Take a list with ten names : do you see patterns ? Not from the list only, but from your memory, your knowledge of a particular language or a particular region, you may have an opinion on what this list might be about. You will remember other individuals you knew with similar names and feel emotions. You may accordingly take decisions (right or wrong) : go or not go to a meeting, dress differently, read in advance about a particular topic, … If you analyse the names of a group of a hundred people -or more with the help of a computer- you will see patterns emerging, from the list only without the help of your memory.

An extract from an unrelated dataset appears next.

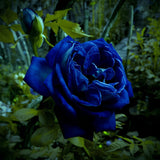 PREMIUM QUALITY IMPORTED💙BLUE ENCHANTRESS CLIMBING ROSE SEEDS🌹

The onomastics mille-feuille or even better the « onomatic mille-feuille » – a wordplay with onomastics and automatic – is a visual representation of name patterns recognized automatically on a given population at a given scale. It is laid out according to one independent known attribute in abscissa (such as a city, region, country), with colourful layers of onomastics classes as a percentage of the population in ordinate (for a given city, region, country). As an illustration, this is the « onomatic mille-feuille » of the Olympic athletes since 1896 with in abscissa, the country -which is a known attribute. Some countries, such as Japan or Mongolia, look very homogeneous. Some other countries, such as the former Soviet Union, seem very heterogeneous and will stack many different onomastics classes : Russians, Ukrainians, Kazakhs, Kyrgyz, Uzbeks, Lithuanians, …
Where is the fractal?
The fractal lays in the possibility to focus on a specific onomastics class, seemingly homogeneous, change scale and recognize the same picture : another finer grained « onomatic mille-feuille ». For example, on the picture above, we could drill down on the onomastics class most closely related to the Russian athletes. Processing a larger list of Russian names from all places in the Russian Federation, will produce this other picture:
And we would discover a similar picture is we changed scale again to focus our attention on the Tyva Republic : another finer grained « onomatic mille-feuille ». And so on …
Until we get to a very small group of people. Or just one name, the name of one individual – distinct, different, unique. Like a pebble on a shore.